France, Belgium, the Netherlands, and Luxembourg were invaded in May 1940. Only then did the allies really start to fight back. Polish allies did nothing until France was invaded.

I agree there was not really a great solution after WW2 for Poland, the Iron Curtain was basically inevitable given how shaky the alliance between the USSR and the West was.

3 comments

France and Britain's response was to promptly declare war on Germany, which is a little more than doing nothing given that just 21 years earlier they had taken most of the casualties in the defeat of Germany in the world's largest war.
> Polish allies did nothing until France was invaded.

On the contrary [0] - "Germany had started low-intensity undeclared war on Czechoslovakia on 17 September 1938. In reaction, the United Kingdom and France on 20 September formally asked Czechoslovakia to cede its territory to Germany, which was followed by Polish territorial demands brought on 21 September and Hungarian on 22 September."

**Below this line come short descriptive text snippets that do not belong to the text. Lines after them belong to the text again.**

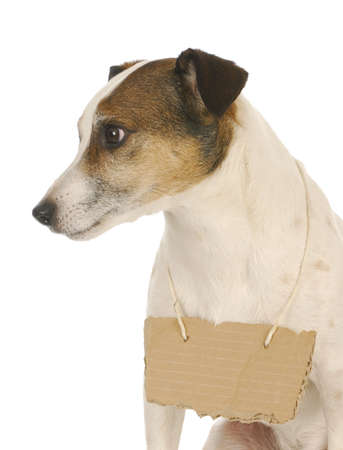 dog wearing sign - jack russell terrier with cardboard sign around neck の写真素材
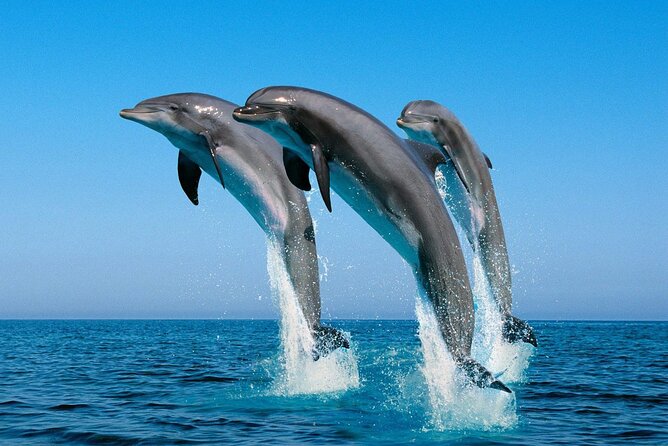 ROYAL Dolphin House & Water Sports Snorkeling Sea Trip - Hurghada - Water sports and adrenaline time, with real-world caveats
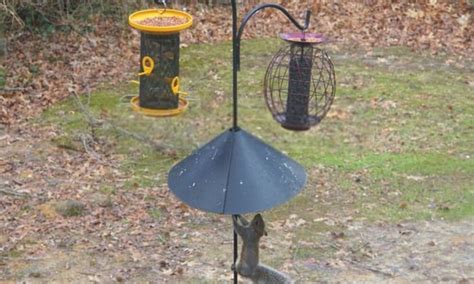 How To Stop Squirrels From Climbing Bird Feeder Pole 5 Tips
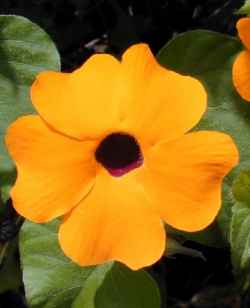 Blackeyed Susan Vine(Thunbergia alata)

[0] https://en.wikipedia.org/wiki/Munich_Agreement

> Polish allies did nothing until France was invaded

You know what, just draw us a battle plan in which the WAllies beat Germany in 1939, that would revolutionize the academic understanding of early WWII.

I don't know what the right action would be, but the action taken -- essentially do nothing -- was clearly the wrong move and led to Germany taking over Western Europe for several years.
> but the action taken -- essentially do nothing -- was clearly the wrong move

What was the right move then? Please detail. Would it be an “attaque à outrance” with an unready French army and an embryonic BEF against fortified German positions, with neatly inferior air forces, not enough siege artillery to break the Siegried line, a flimsy logistic branch, and following a totally hurried plan due to an uncooperative Belgium which screwed up all pre-war planning? And all that within a nation which already suffered humongous and material human losses barely 20 years before and could not really afford the same thing again, neither from a political nor a practical perspective if it was to handle a long war.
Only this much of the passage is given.